Il y a aussi dans notre seconde partie certains points qui, si l'on adopte la différence radicale établie par Kant entre le droit naturel et la morale, ne devraient pas figurer dans un cours de philosophie morale; mais, nous l'avons dit, nous n'admettons point cette différence qui ne nous semble reposer sur aucune base rationnelle. Nous avons donc cru devoir maintenir en morale quelques questions importantes que plusieurs auteurs, conformément aux principes établis par Kant, renvoient à la philosophie du droit soit privé soit public.

Quant à la première partie, nous la reproduisons à peu près telle que nous l'avons publiée d'abord; nous y avons fait seulement quelques additions dont la plus importante est un nouveau paragraphe de l'Introduction sur la différence et le rapport entre la philosophie et la théologie morales.

Louvain, 15 Août, Fête de l'Assomption de la SainteVierge 1855.

INTRODUCTION.

SI. Notion générale de la morale. Son objet.

A s'en tenir au sens littéral et étymologique du mot qui la nomme, la morale, appelée par les Grecs Ethique, nous apparaît en général comme la science qui traite des mœurs. Máis cette notion, quoique vraie en soi, est incomplète, peu précise et surtout très-peu philosophique. Pour avoir une idée juste et véritablement philosophique d'une science, il faut que l'on remonte au principe général qui la domine et auquel toutes les parties de cette science se rapportent comme à leur centre commun. Quant à la morale, il est évident à priori que ce principe devra se confondre avec la règle même des mœurs; il ne s'agit que de déterminer cette règle considérée dans sa plus haute expression.

Or cette règle c'est le Bien ou le Bon. Le Bien, voilà donc, en principe, le véritable objet de la morale. Ce point ne tardera pas à être éclairci.

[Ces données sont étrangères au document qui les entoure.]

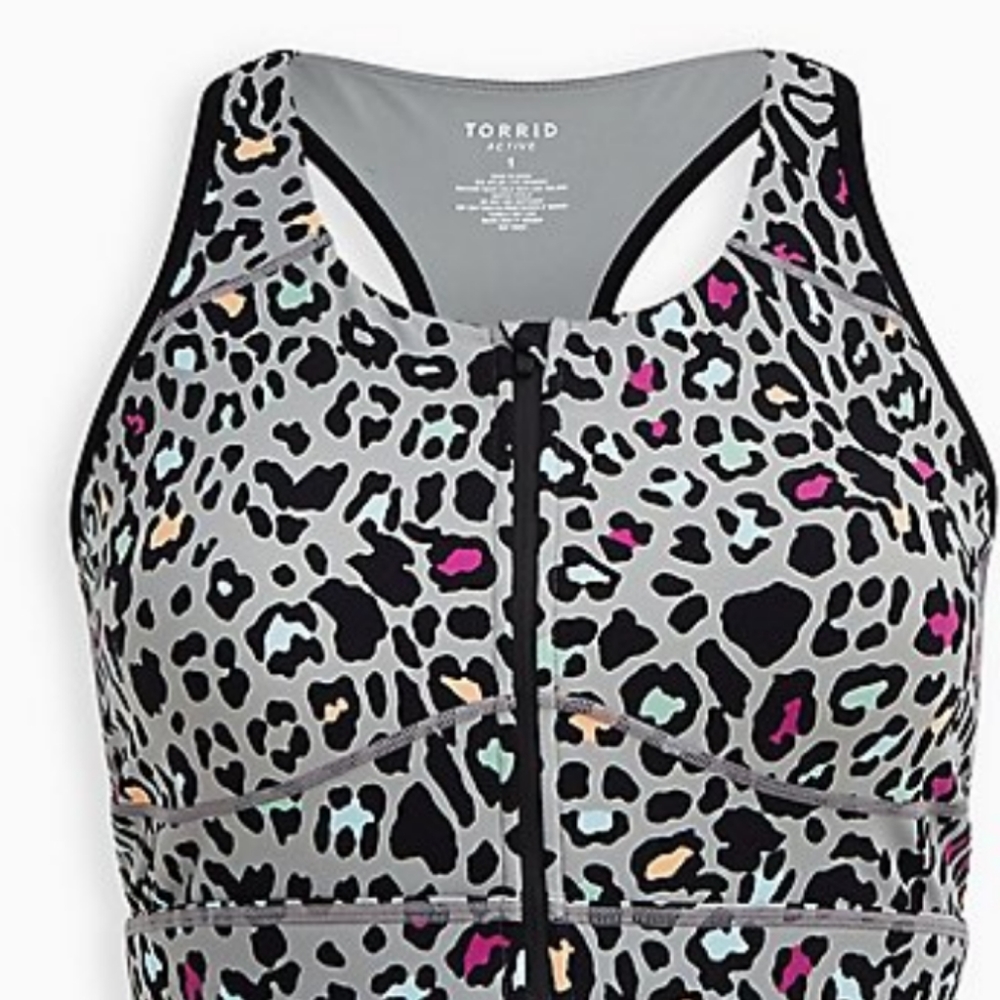 🖤Gray Cheetah Sports Bra🖤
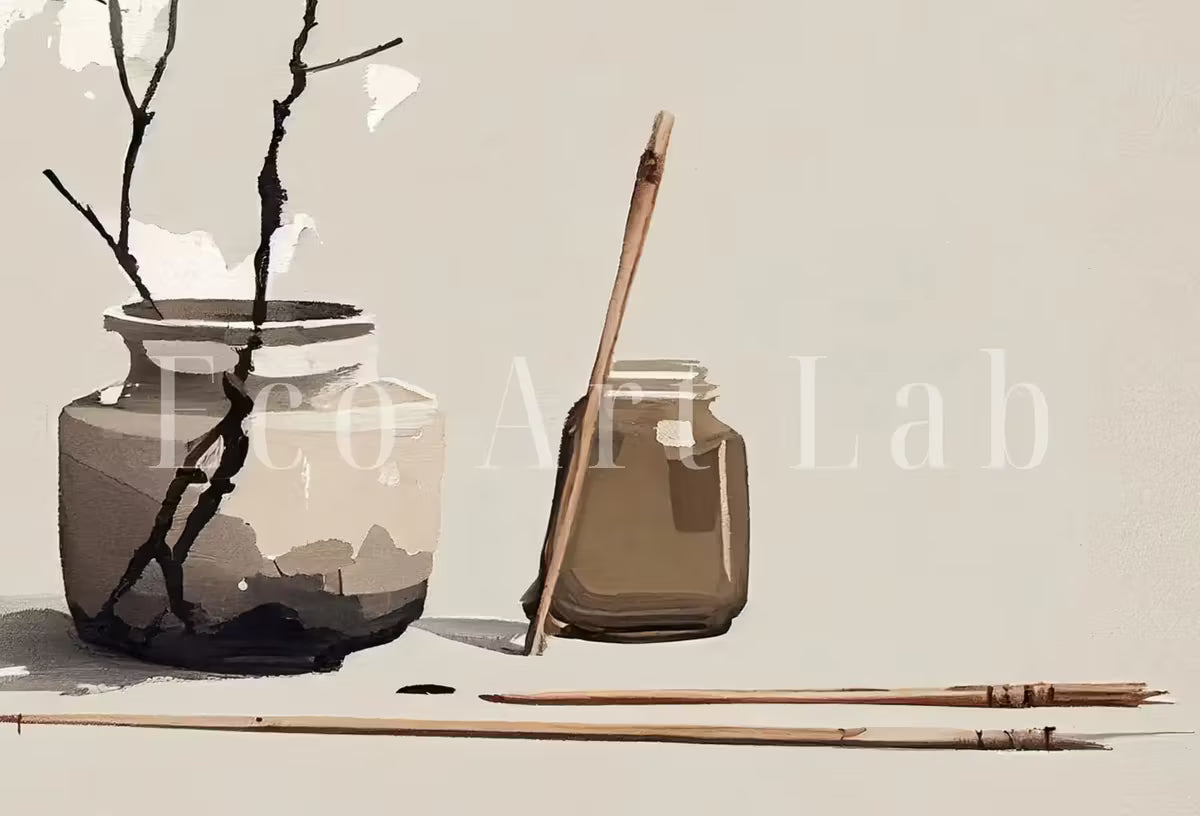 Printable Wall Art. Minimalist Zen Wall Decor. Brown & Beige Wabi Sabi Abstract Print. Japandi Wall Art. Modern Neutral Abstract – Printable Wall Art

Le Bien en soi, nous le prouverons plus loin, est quelque chose d'absolu, de nécessaire, d'immuable, d'éternel; par conséquent, il n'est point distinct de Dieu même. C'est pour cette raison que la morale peut revendiquer une place parmi les sciences philosophiques : l'objet dont elle s'occupe rentre entièrement dans le cadre des idées philosophiques. Qu'est-ce en effet qui constitue l'objet de la philosophie proprement dite, sinon les idées universelles, nécessaires, absolues, immuables et éternelles? Sans doute la philosophie ne se borne point à l'étude des idées absolues considérées en elles-mêmes, elle les étudie aussi dans leurs rapports avec les choses et les idées relatives, avec l'homme, avec le monde, avec la création tout entière; mais alors même que le philosophe descend à l'étude des choses relatives et contingentes, ce sont encore ces idées absolues et nécessaires qui doivent dominer toutes ses investigations, elles doivent être tout ensemble le point de départ, le centre et le terme de ses recherches.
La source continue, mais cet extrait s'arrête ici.